> _DATA RECORDS_:
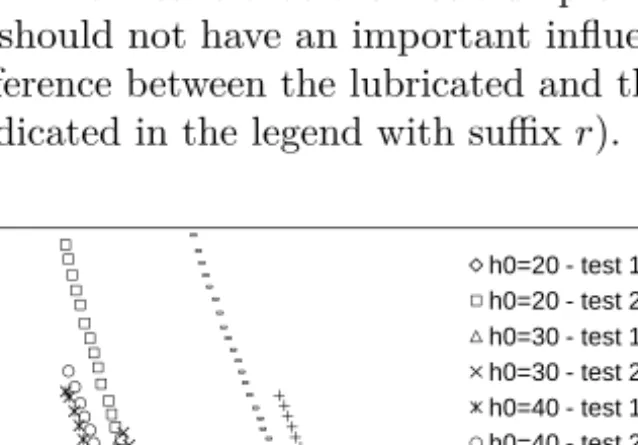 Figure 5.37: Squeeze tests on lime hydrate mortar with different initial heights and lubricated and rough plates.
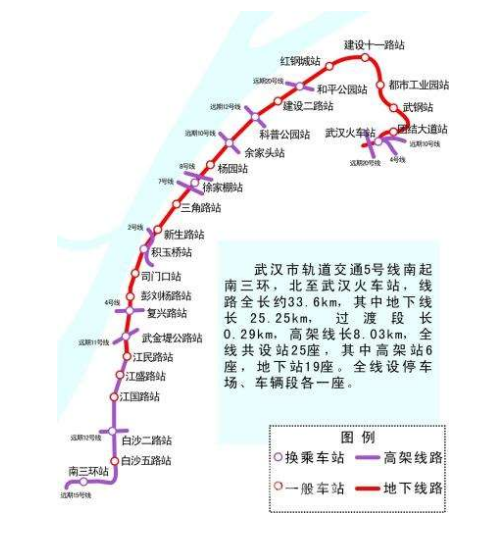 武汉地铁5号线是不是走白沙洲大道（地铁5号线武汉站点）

---

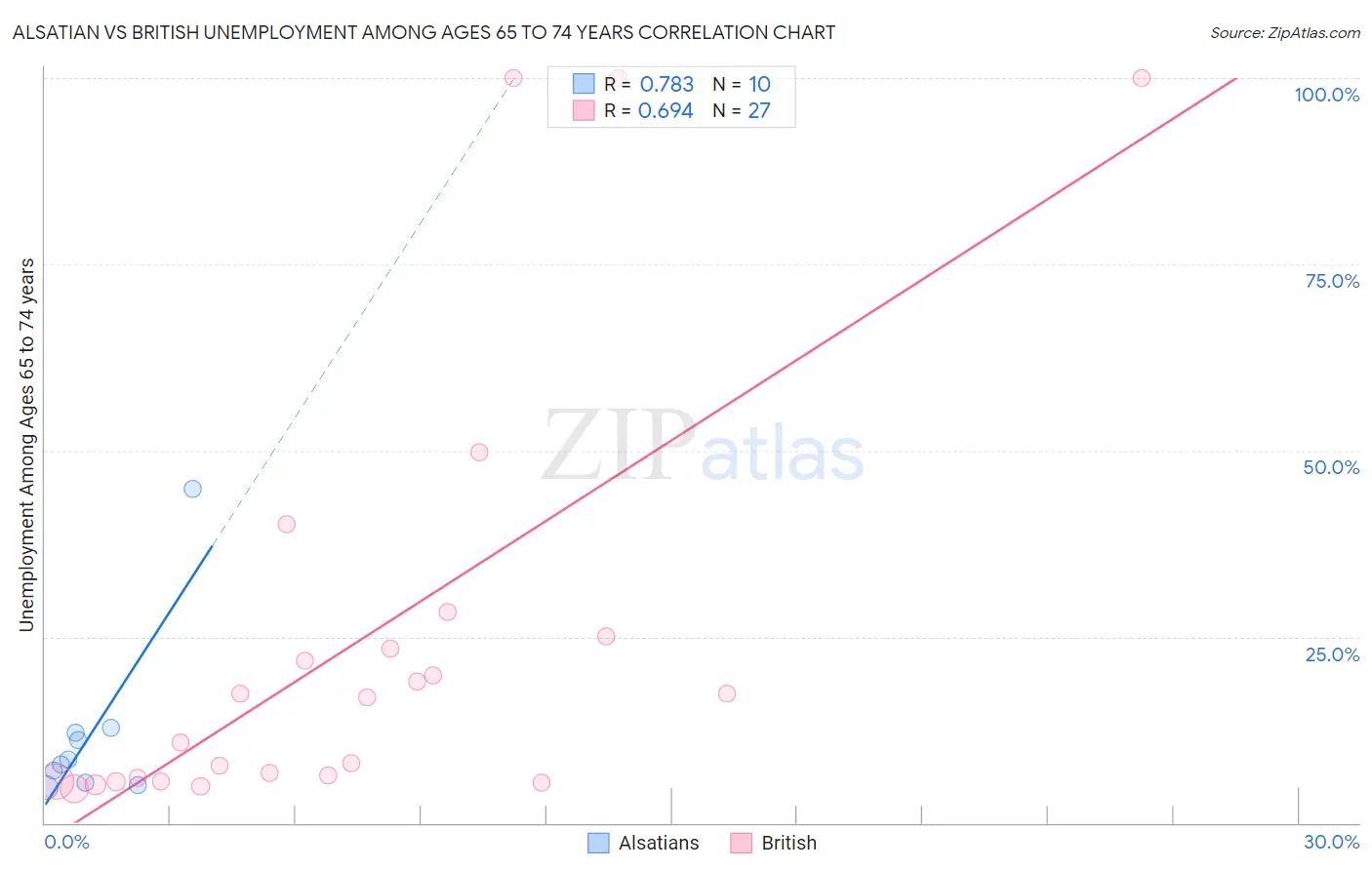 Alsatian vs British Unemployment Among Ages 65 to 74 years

--

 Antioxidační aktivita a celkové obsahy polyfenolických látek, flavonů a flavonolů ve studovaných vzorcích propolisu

> _EXERCISE OBJECTIVE_: Reproduce exactly the lines above that run from the one with "Figure 5.37: Squeeze" to the one with "武汉地铁5号线是不是走白沙洲大道（地铁5号线武汉站点）", both included, leaving pictures out.

> _REPLY TO THE TASK_:
 Figure 5.37: Squeeze tests on lime hydrate mortar with different initial heights and lubricated and rough plates.
 武汉地铁5号线是不是走白沙洲大道（地铁5号线武汉站点）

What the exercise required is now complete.